(COLLECTED DATA begins)

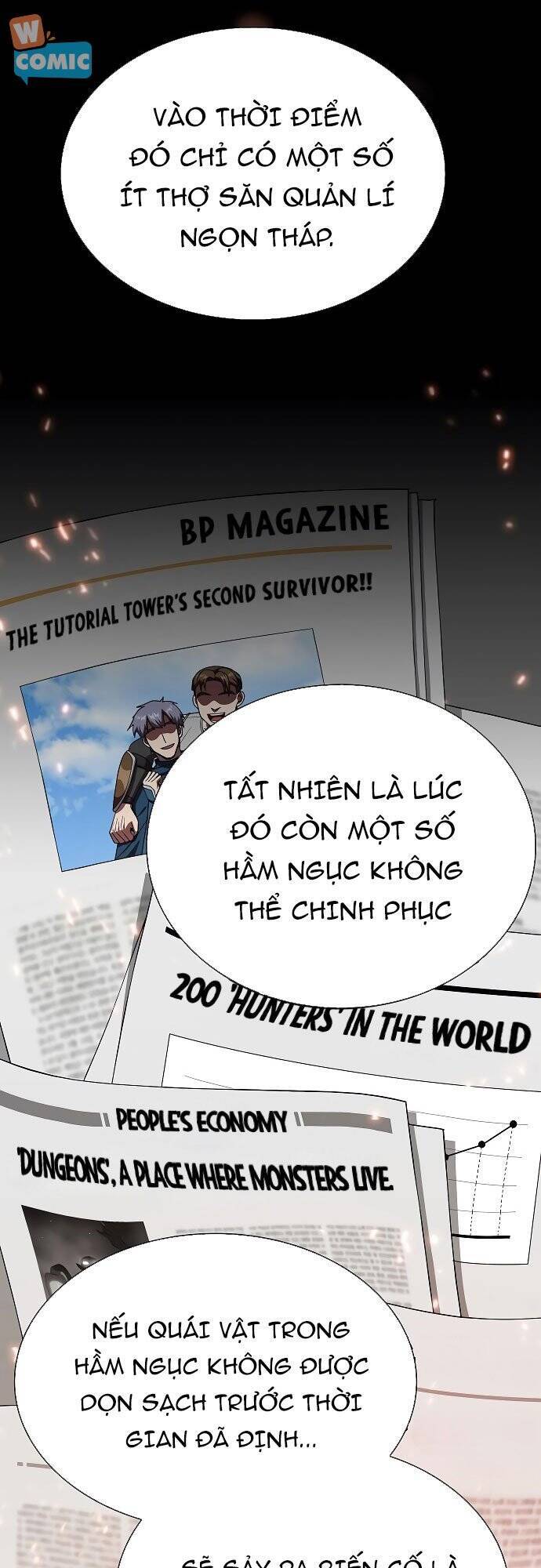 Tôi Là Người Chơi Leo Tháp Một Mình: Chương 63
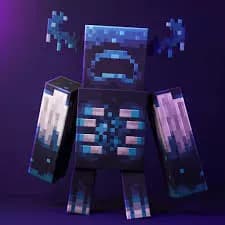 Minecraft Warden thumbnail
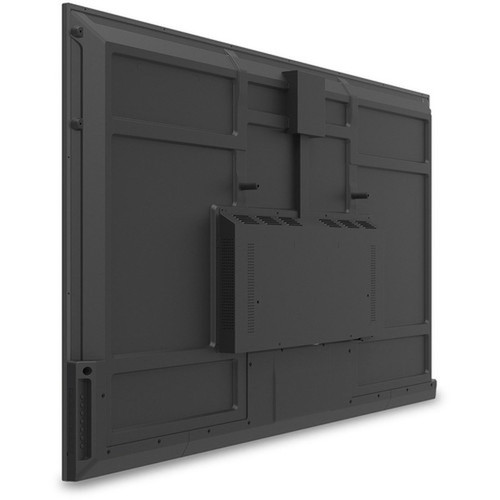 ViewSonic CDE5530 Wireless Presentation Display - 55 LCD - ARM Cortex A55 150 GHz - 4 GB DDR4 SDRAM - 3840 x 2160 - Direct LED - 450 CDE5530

(COLLECTED DATA ends)

AIM OF THE TASK:
Output the data exactly. Leave every picture out.

RESULT BELOW:
 Tôi Là Người Chơi Leo Tháp Một Mình: Chương 63
 Minecraft Warden thumbnail
 ViewSonic CDE5530 Wireless Presentation Display - 55 LCD - ARM Cortex A55 150 GHz - 4 GB DDR4 SDRAM - 3840 x 2160 - Direct LED - 450 CDE5530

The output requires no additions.